The default device for the averaged model is the device of the original model

Seppo Enarvi · Seppo Enarvi · commit 410fe1400a3e · 2025-07-06T12:25:32.000+03:00
diff --git a/src/lightning/pytorch/callbacks/weight_averaging.py b/src/lightning/pytorch/callbacks/weight_averaging.py
@@ -35,12 +35,11 @@ class WeightAveraging(Callback):
     r"""A callback that updates an averaged model for Stochastic Weight Averaging (SWA) or Exponential Moving Average
     (EMA) after each training step.
 
-    Arguments given to the constructor will be passed to the :class:`AveragedModel` constructor. There are a couple of
-    differences to the default values, however. By default, the average model is stored on the CPU. If ``device`` is set
-    to ``None``, the device will be inferred from the original model. By default, the callback will compute running
-    averages for both the parameters and the buffers of the model. Setting ``use_buffers`` to ``False`` will cause only
-    the model parameters to be averaged, leaving updating the batch normalization statistics to the user (using
-    ``torch.optim.swa_utils.update_bn()``).
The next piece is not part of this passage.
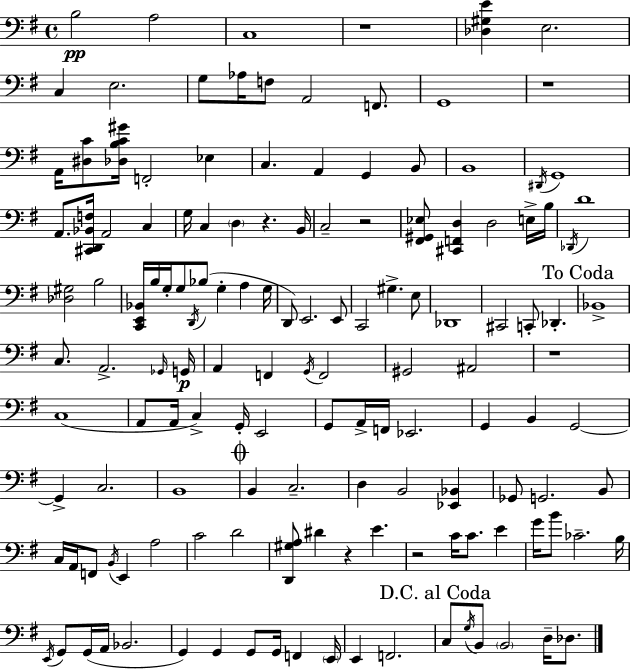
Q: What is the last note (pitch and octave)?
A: Db3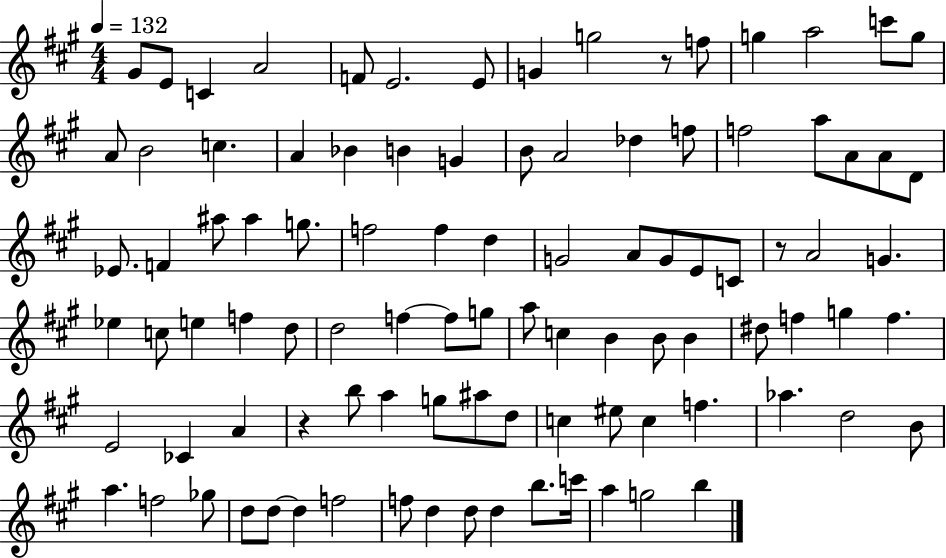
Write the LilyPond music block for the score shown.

+    Arguments given to the constructor will be passed to the :class:`AveragedModel` constructor. If no ``device`` is
+    specified, the device of the original model will be used. Contrary to :class:`AveragedModel`, ``use_buffers`` is set
+    to ``True`` by default. That is, by default the callback will compute running averages for both the parameters and
+    the buffers of the model. Setting ``use_buffers`` to ``False`` will cause only the model parameters to be averaged,
+    leaving updating the batch normalization statistics to the user (using ``torch.optim.swa_utils.update_bn()``).
 
     You can provide a custom averaging function with the ``avg_fn`` or ``multi_avg_fn`` parameter. See the
     :class:`AveragedModel` class for details. If no averaging function is provided, the default is to compute the
@@ -79,8 +78,9 @@ def should_update(self, step_idx=None, epoch_idx=None):
         trainer.fit(model, dataloader)
 
     Args:
-        device: If provided, the :class:`AveragedModel` will be stored on the ``device``. If ``None`` the device will be
-            inferred from the original model.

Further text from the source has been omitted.